Substrates for supporting a PDC layer are made, at least in part, from cemented metal carbide, with tungsten carbide being the most common. Cemented metal carbide substrates are formed by sintering powdered metal carbide with a metal alloy binder. The composite of the PDC and the substrate can be fabricated in a number of different ways. It may also, for example, include transitional layers in which the metal carbide and diamond are mixed with other elements for improving bonding and reducing stress between the PDC and substrate. References herein to substrates include such substrates.
Because of the presence of metal, catalyst PDC exhibits thermal instability. Cobalt has a different coefficient of expansion to diamond. It expands at a greater rate, thus tending to weaken the diamond structure at higher temperatures. Furthermore, the melting point of cobalt is lower than diamond, which can lead to the cobalt causing diamond crystals within the PDC to begin to graphitize when temperatures reach or exceed the melting point, also weakening the PDC. To make the PDC at least more thermally stable, a substantial percentage—usually more than 50%; often 70% to 85%; and possibly more—of the catalyst is removed from at least a region next to one or more working surfaces that experience the highest temperatures due to friction. The catalyst is removed by a leaching process that involves placing the PDC in a hot strong acid, examples of which include nitric acid, hydrofluoric acid, hydrochloric acid, or perchloric acid, and combinations of them. In some cases, the acid mix may be heated and/or agitated to accelerate the leaching process.
Removal of the cobalt is, however, thought to reduce toughness of the PDC, thus decreasing its impact resistance. Furthermore, leaching the PDC can result in removal of some of the cobalt that cements or binds the substrate, thus affecting the strength or integrity of the substrate and/or the substrate to diamond interface. As a result of these concerns, leaching of cutters is now “partial,” meaning that catalyst is removed only from a region of the PDC, usually defined in terms of a depth or distance measured from a working surface or working surfaces of the PDC, including the top, beveled edge, and/or side of the cutter.
There is a technical limit to the depth to which a PCD can be leached without damaging the substrate or the bond between the substrate and PCD. That technical limit concerns the mask and seal that protects the substrate from the acid bath in which the cutter is placed for leaching. The seals are made of materials that tends to break down over time when exposed to the acids used to leach the PCD, therefore limiting the duration of the leaching and thus the depth that can be achieved. Furthermore, as diamond grain sizes decrease, in some cases to nano particle size (less then 100 nanometers), the diamond structure in the PCD becomes much more dense and consequently it becomes impractical to leach to any useful depth (such as deep leached depths of greater than 100 microns). At the very least, these denser structures are much more difficult to leach, requiring much longer leaching times.

SUMMARY

The invention pertains to improved cutting elements for earth boring drill bits, to methods for making such cutting elements, and to drill bits utilizing such cutting elements.
In one example of an improved cutting element, a polycrystalline diamond compact (PDC), which is attached or bonded to a substrate to form a cutter for a drill bit, is comprised of sintered polycrystalline diamond interspersed with a seed material which has a hexagonal close packed (HCP) crystalline structure.
In another example of an improved PDC cutting element, a region of a sintered polycrystalline diamond structure, near one or more of its working surfaces, which has been seeded with an HCP seed material prior to sintering, is leached to remove catalyst. Regions with the HCP seed material leach more quickly as compared to regions of the sintered polycrystalline diamond structure without the HCP seed material, allowing deeper leaching than otherwise possible due to technical limitations of PCD made without any seeding material. Fast leaching has a particular advantage with polycrystalline diamond feeds that include particles that are less than 30 microns particle in size. Selectively seeding portions or regions of a sintered polycrystalline diamond structure also permits taking advantage of differing leach rates to form leached regions with differing distances or depths and geometries.
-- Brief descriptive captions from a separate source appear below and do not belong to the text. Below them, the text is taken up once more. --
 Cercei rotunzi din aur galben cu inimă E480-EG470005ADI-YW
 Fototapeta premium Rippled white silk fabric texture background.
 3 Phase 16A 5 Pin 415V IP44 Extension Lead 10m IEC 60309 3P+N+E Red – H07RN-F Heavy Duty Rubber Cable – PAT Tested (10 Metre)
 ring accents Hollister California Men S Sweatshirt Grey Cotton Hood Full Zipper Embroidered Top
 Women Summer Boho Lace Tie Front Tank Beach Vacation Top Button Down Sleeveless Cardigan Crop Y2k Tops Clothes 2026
BRIEF DESCRIPTION OF THE DRAWINGS

FIG. 1 is a perspective view of a PDC drag bit.

FIGS. 2A, 2B and 2C are perspective, side and top views, respectively, of a representative PDC cutter suitable for the drag bit of FIG. 1.

FIGS. 3A, 3B and 3C are cross-sections through four different examples of the PDC cutter of FIGS. 2A-2C, that has been seeded with HCP material in discrete regions within its diamond structure and then leached to partially or completely remove catalyst from at least the seeded region.
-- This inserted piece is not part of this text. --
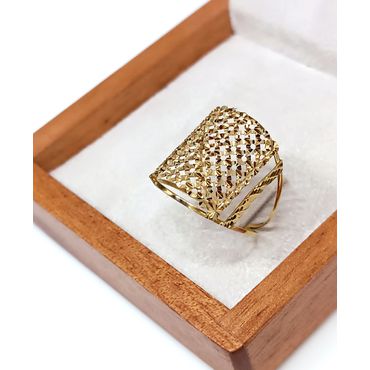 Anel em Ouro 18k Trabalhado Diamantado - Helder Joalheiros 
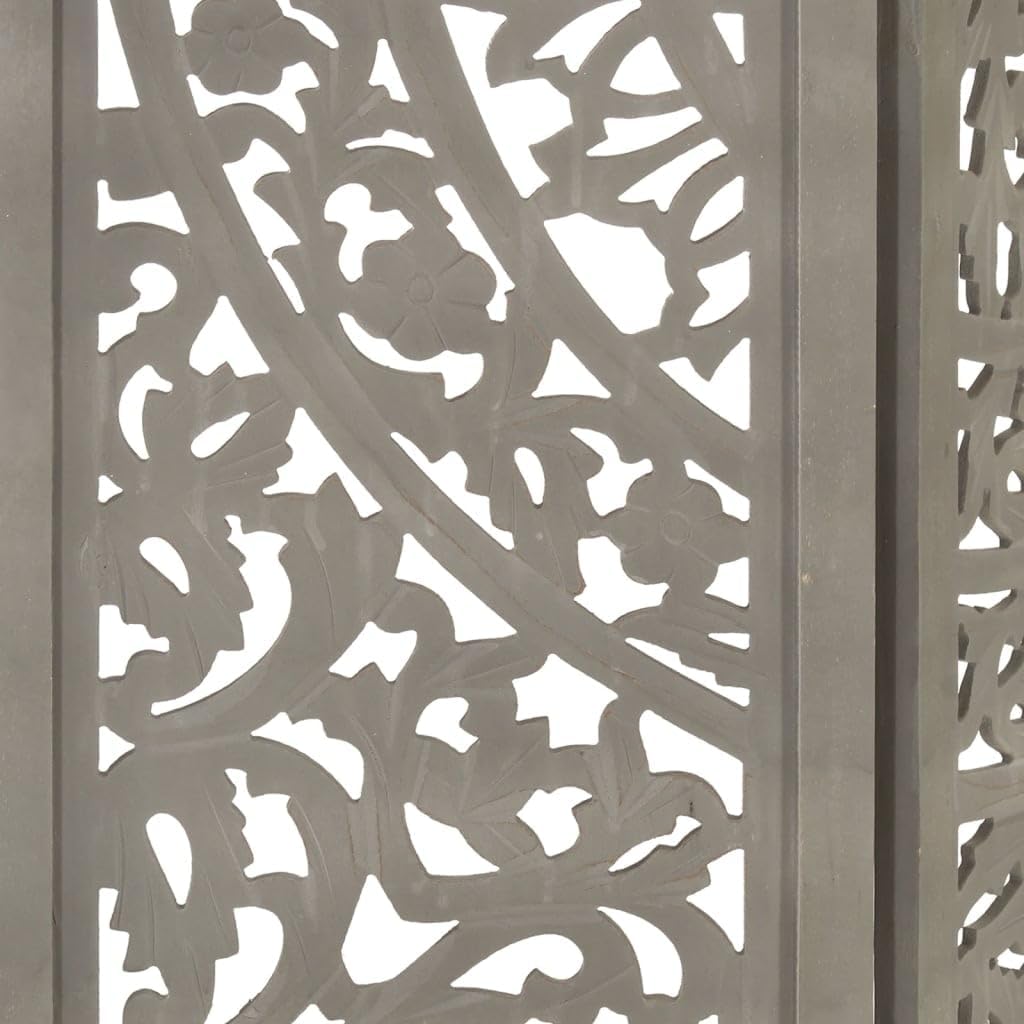 Paravent intérieur 3 Panneaux Pliables, Séparateur de pièce, Ecran d'Intimité Paravent Chambre à Coucher Maison Balcon, Gris 120x165 cm Bois manguier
FIG. 4 is a cross section of an embodiment of the PDC cutter of FIGS. 2A-2C with HCP seed material interspersed throughout the diamond layer.

DETAILED DESCRIPTION OF EXEMPLARY EMBODIMENTS

In the following description, like numbers refer to like elements.
FIG. 1 illustrates an example 100 of a PDC drag bit. However, it is intended to be a representative example of drag bits and, in general, drill bits for drilling oil and gas wells. It is designed to be rotated around its central axis 102. It is comprised of a bit body 104 connected to a shank 106 having a tapered threaded coupling 108 for connecting the bit to a drill string and a “bit breaker” surface 111 for cooperating with a wrench to tighten and loosen the coupling to the drill string. The exterior surface of the body intended to face generally in the direction of boring is referred to as the face of the bit. The face generally lies in a plane perpendicular to the central axis 102 of the bit. The body is not limited to any particular material. It can be, for example, made of steel or a matrix material such as powdered tungsten carbide cemented by metal binder.
Disposed on the bit face are a plurality of raised “blades,” each designated 110, that rise from the face of the bit. Each blade extends generally in a radial direction, outwardly to the periphery of the cutting face. In this example, there are six blades substantially equally spaced around the central axis and each blade, in this embodiment, sweeps or curves backwardly in the direction of rotation indicated by arrow 115.
On each blade is mounted a plurality of discrete cutting elements, or “cutters,” 112. Each discrete cutting element is disposed within a recess or pocket. In a drag bit the cutters are placed along the forward (in the direction of intended rotation) side of the blades, with their working surfaces facing generally in the forward direction for shearing the earth formation when the bit is rotated about its central axis. In this example, the cutters are arrayed along blades to form a structure cutting or gouging the formation and then pushing the resulting debris into the drilling fluid which exits the drill bit through the nozzles 117. The drilling fluid in turn transports the debris or cuttings uphole to the surface.
In this example of a drag bit, all of the cutters 112 are PDC cutters. However, in other embodiments, not all of the cutters need to be PDC cutters. The PDC cutters in this example have a working surface made primarily of super hard, polycrystalline diamond, or the like, supported by a substrate that forms a mounting stud for placement in a pocket formed in the blade. Each of the PDC cutters is fabricated discretely and then mounted—by brazing, press fitting, or otherwise into pockets formed on bit. However, the PDC layer and substrate are typically used in the cylindrical form in which they are made. This example of a drill bit includes gauge pads 114. In some applications, the gauge pads of drill bits such as bit 100 can include an insert of thermally stable, sintered polycrystalline diamond (TSP).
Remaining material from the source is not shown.